You are listing some very tough plants which will grow in practically any tapwater, but some rather delicate fish which might not do the same. How much experience do you have with aquaria? I would not select rams as a first species because they can be delicate (but they do look great).

_Otocynclus_ are great, but practically always wild caught and sometimes do not survive adjustment to aquarium conditions, once they are through the first weeks they usually do just fine. Is this a consideration? They will not be agressive to the rams.

Cardinal tetras are also usually wild caught (in huge numbers), which has pros and cons ...

Why not try some barbs and danio's with these plants? Have you ever seen (male) odessa barbs in a planted aquarium in the morning hours? If not, you wouldn't believe the colours - but true, they are not blue at all. Black ruby barbs can give a similar spectacle, perhaps in slightly softer water. Kribs are just fine as a "starters cichlid", behaviourally as interesting as any and much less delicate than rams (but getting rid of offspring and territoriality/agression are considerations).


----------



## Tugg (Jul 28, 2013)

Grizzle Fish said:


> That said, I don't know what the temperament is of otos, so that is a worry, that the oto(s) will be aggressive towards the rams.












I'm not trying to poke fun, but that's the funniest thing I've read all day.
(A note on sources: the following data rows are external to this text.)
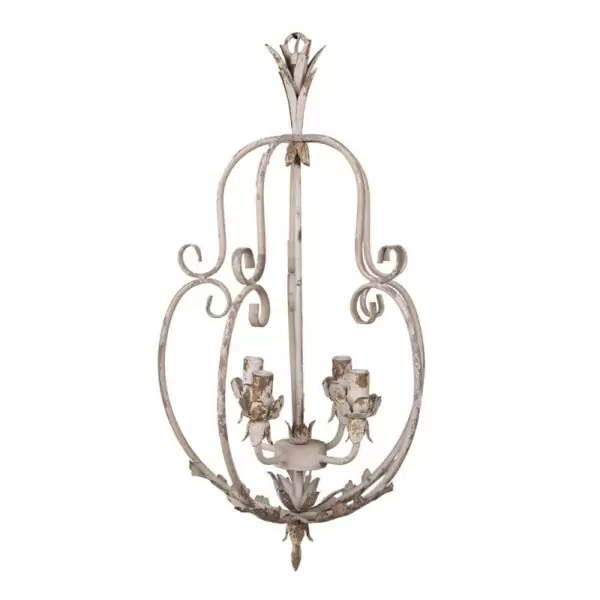 Lampadario sospensione 4 luci "cestino" Clayre & Eef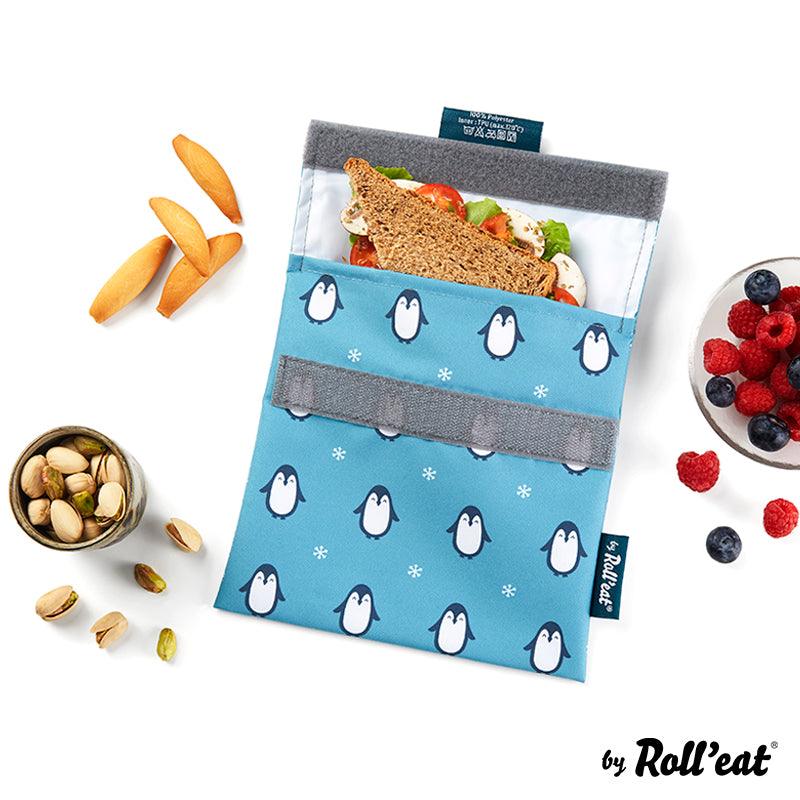 Porta snacks reutilizable Snack'n'Roll - Pingüinos - Re-pot market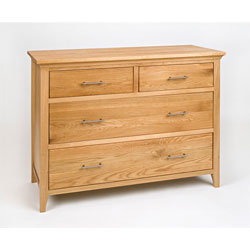 The Montana range features a sophisticated high quality shaker style of bedroom furniture in oak wit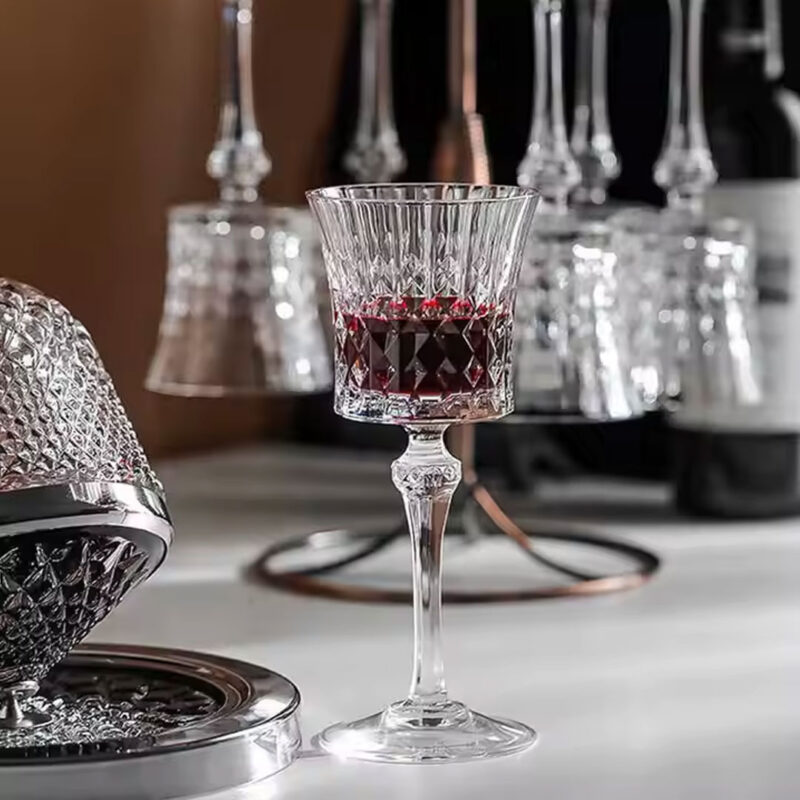 Wine-Glass-260ml-JX-88H200-1 6pc 260ml Vintage Wine Glass Set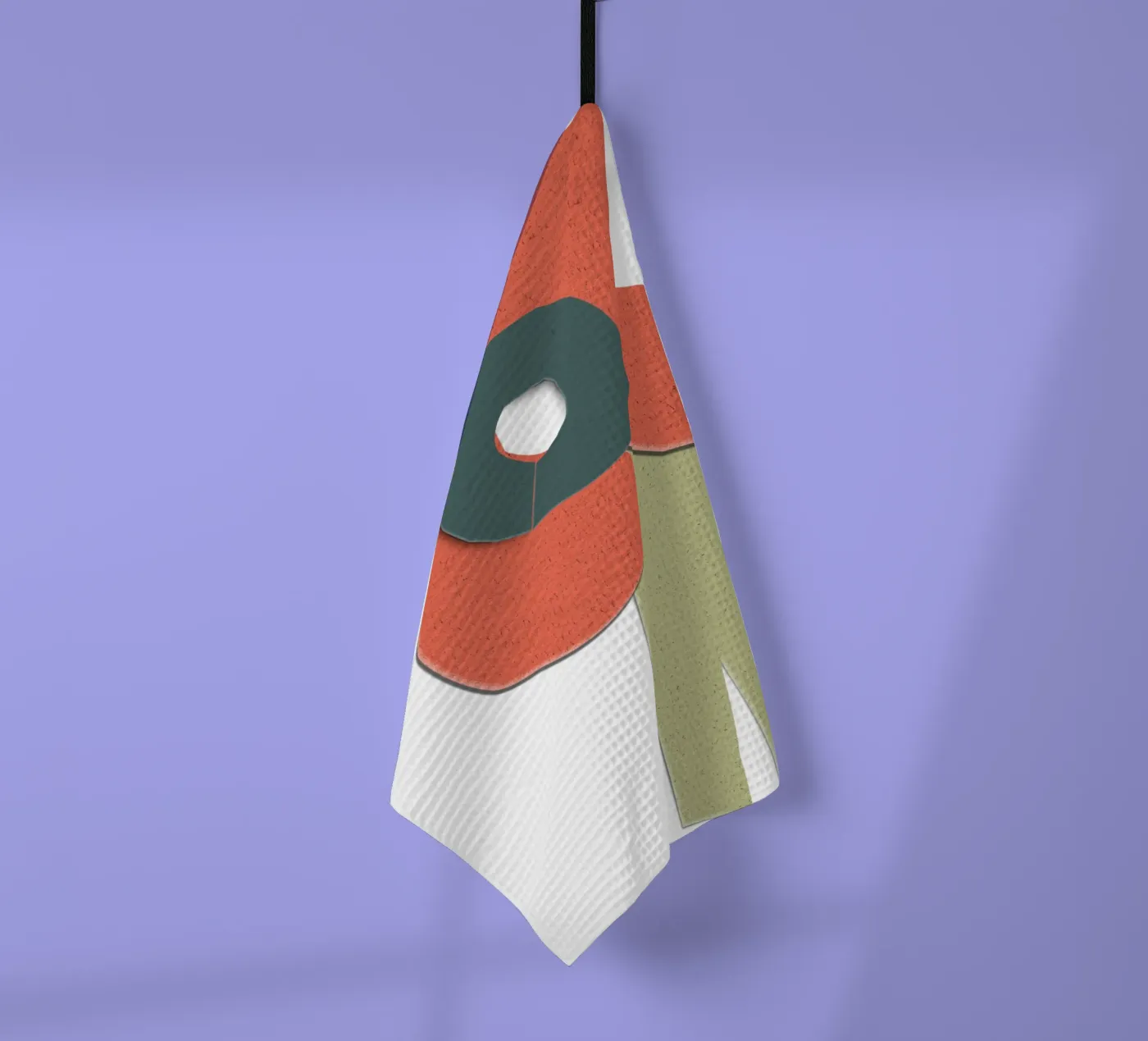 simplistic flower Geschirrtuch von ramosashop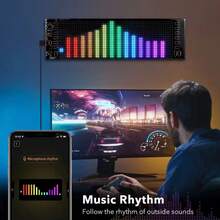 USB 5V Flexible RGB Addressable Devil Eyes LED Matrix Pixel Panel Information Signage - 16 x 94 píxeles (59,5 cm x 12 cm) - Ver 5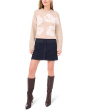 Flower Motif Crew Neck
Thats like saying, "will this shrimp hurt my oscar." As for temp, Otos are pretty tough after the first few weeks. I had several in the garage this summer in 10g tanks that reached 85 for days on end. I'd get everything except the rams after it cycles. Allow the shrimp to breed a bit first since the rams may want to pick on them a bit.


----------



## Grizzle Fish (May 29, 2014)

Hello illustrator,
I have many years of experience. I have had running aquariums ever since I was ten years old, which was decades ago. Fresh water, salt water, now going for planted. I'm familiar with water chemistry maintenance, buffering, and re-mineralizing RO water to achieve the stable water parameters I need.

I have done a lot of research on my fish selection so they will do well in the environment provided for them, and be compatible with each other as well. Just the Oto I didn't know much about other than it's water parameter requirements.

I have read about how Otos are caught in the wild and can be pretty hurting by the time they get to the end user's aquarium, so I understand that aspect and realize that they will need food available immediately, but even so they can die within the first week. I learned what to look for when choosing them if I can find them at the LFS. I just couldn't find anything about their temperament other than they have been seen to attach themselves to discus fish. So, never having one I was not sure of their temperament towards docile fish such as German Blue Rams.

As far as barbs go, it's been my experience with them that they are nippers and wouldn't do well with the rams.

My experience: I'm nicely set up with some great testing equipment and support chemicals, as well as having experience in their usage to achieve desirable and stable water parameters. I just got tired of being at the mercy of what comes out of my tap at home, and what fish it restricted me to. I wish to provide a hospitable environment for my chosen inhabitants and not be restricted to hard water fish. 

There is a GBR breeder an hour or so away from me that I can purchase mated GBR pairs from locally. No shipping required. So that's a big plus in having success, in that they will not be subjected to shipping and adverse time factor.

Hi Tugg,
After reading your post over and over again I kind of have the feeling that you are insinuating that oto's are mellow fish? ;-)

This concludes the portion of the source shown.